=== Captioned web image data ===
[Start of section]
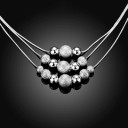 Dames ketting met kralen G543 3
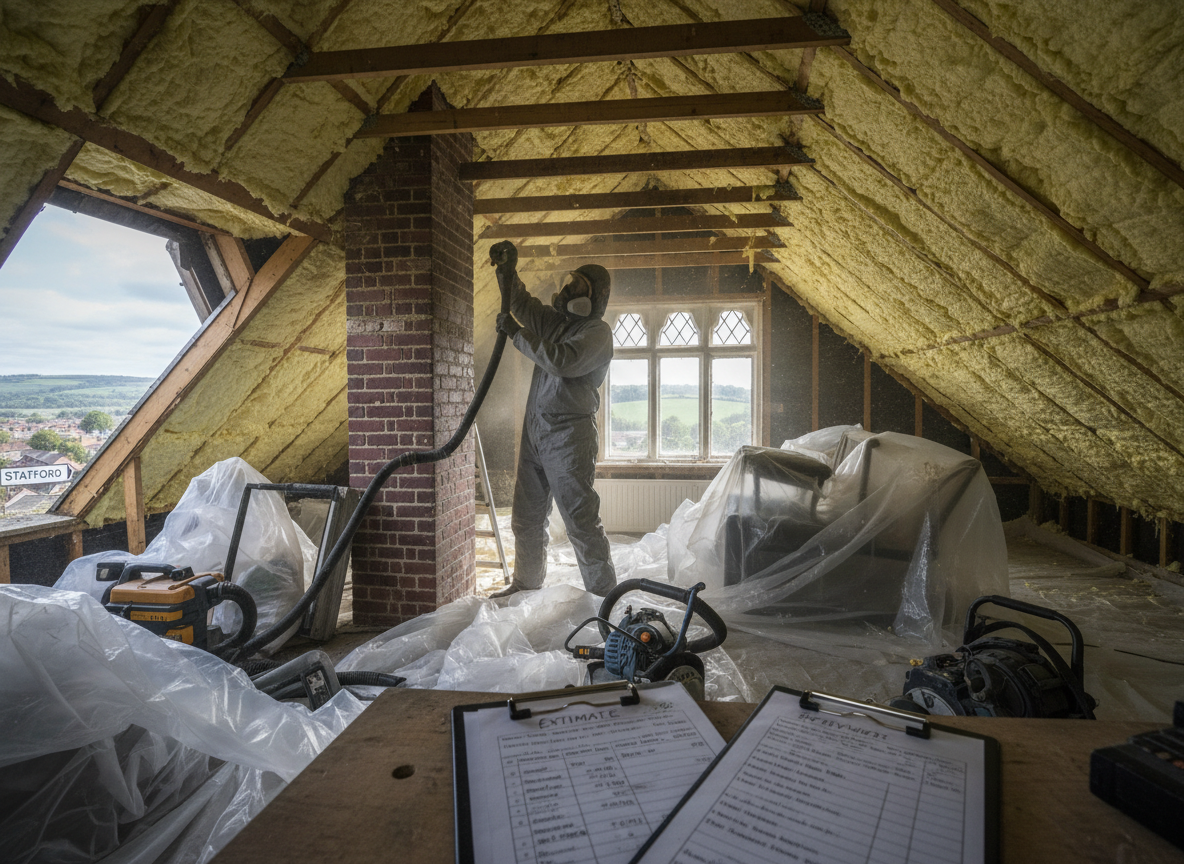 Cost Factors For Spray Foam Removal In Staffordshire Homes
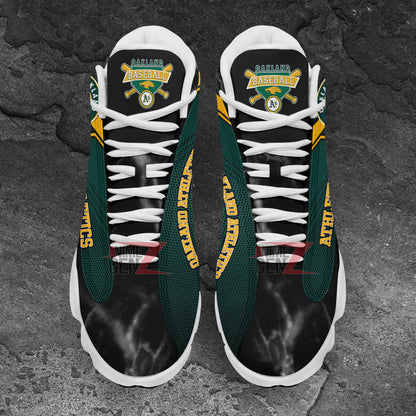 Oakland Athletics Air Jordan 13 Sneakers MLB Baseball Custom Sports Shoes
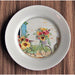 CrafTreat decoupage paper garden flowers decoration on plates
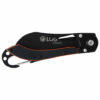 Faca de bolso SP2T Preto/Laranja G10 Cabo/Lug Steel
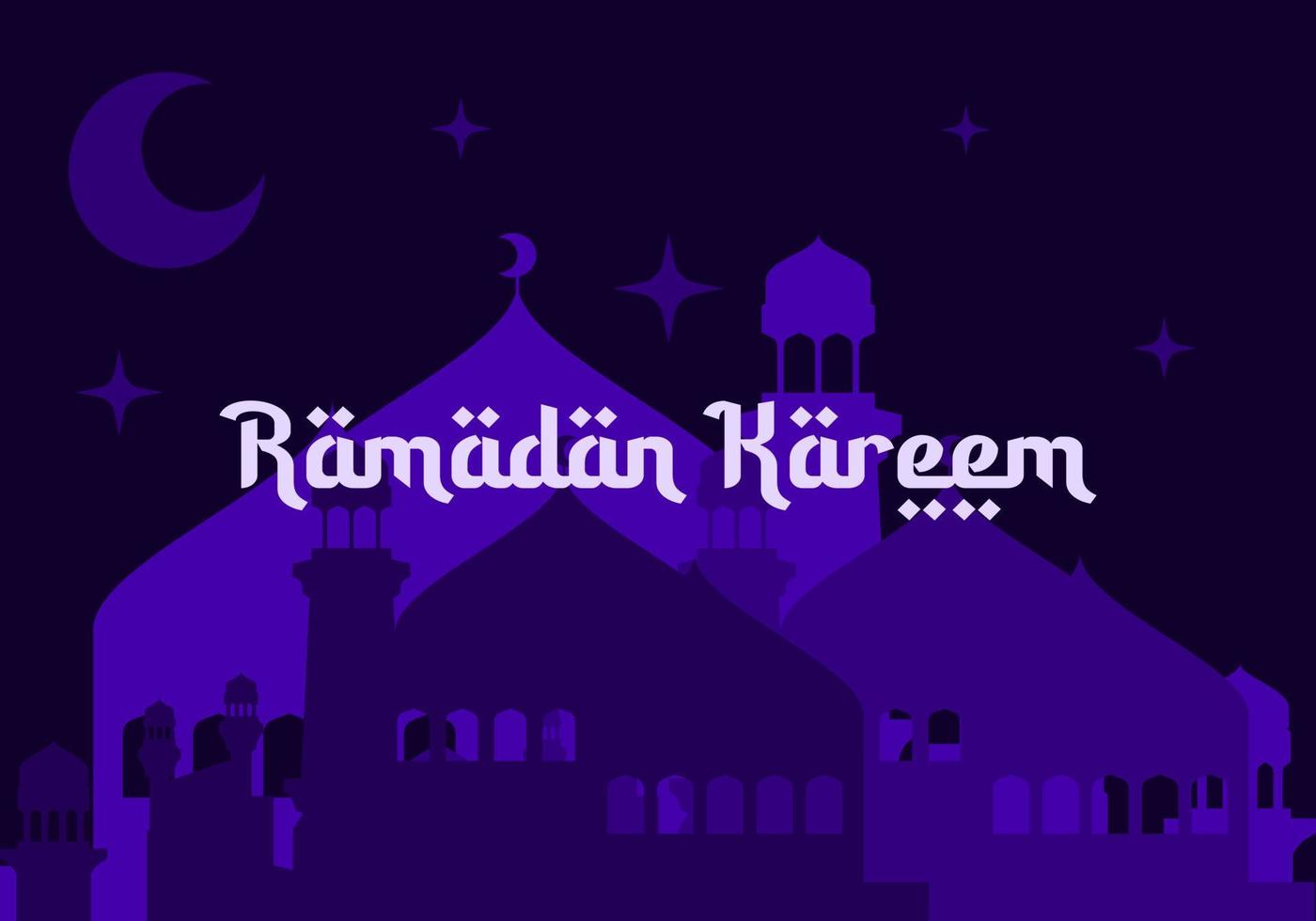 ramadan kareem. islamisk gratulationskortmall med ramadan för tapetdesign. affisch, media banner. en uppsättning vektorillustrationer. ramadan samling vektor. vektor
[End of section]
=== Goal of the exercise ===
Beginning with the line with "Oakland Athletics Air", repeat the entries above exactly, up to and including the last line, leaving out pictures.

=== Answer space ===
 Oakland Athletics Air Jordan 13 Sneakers MLB Baseball Custom Sports Shoes
 CrafTreat decoupage paper garden flowers decoration on plates
 Faca de bolso SP2T Preto/Laranja G10 Cabo/Lug Steel
 ramadan kareem. islamisk gratulationskortmall med ramadan för tapetdesign. affisch, media banner. en uppsättning vektorillustrationer. ramadan samling vektor. vektor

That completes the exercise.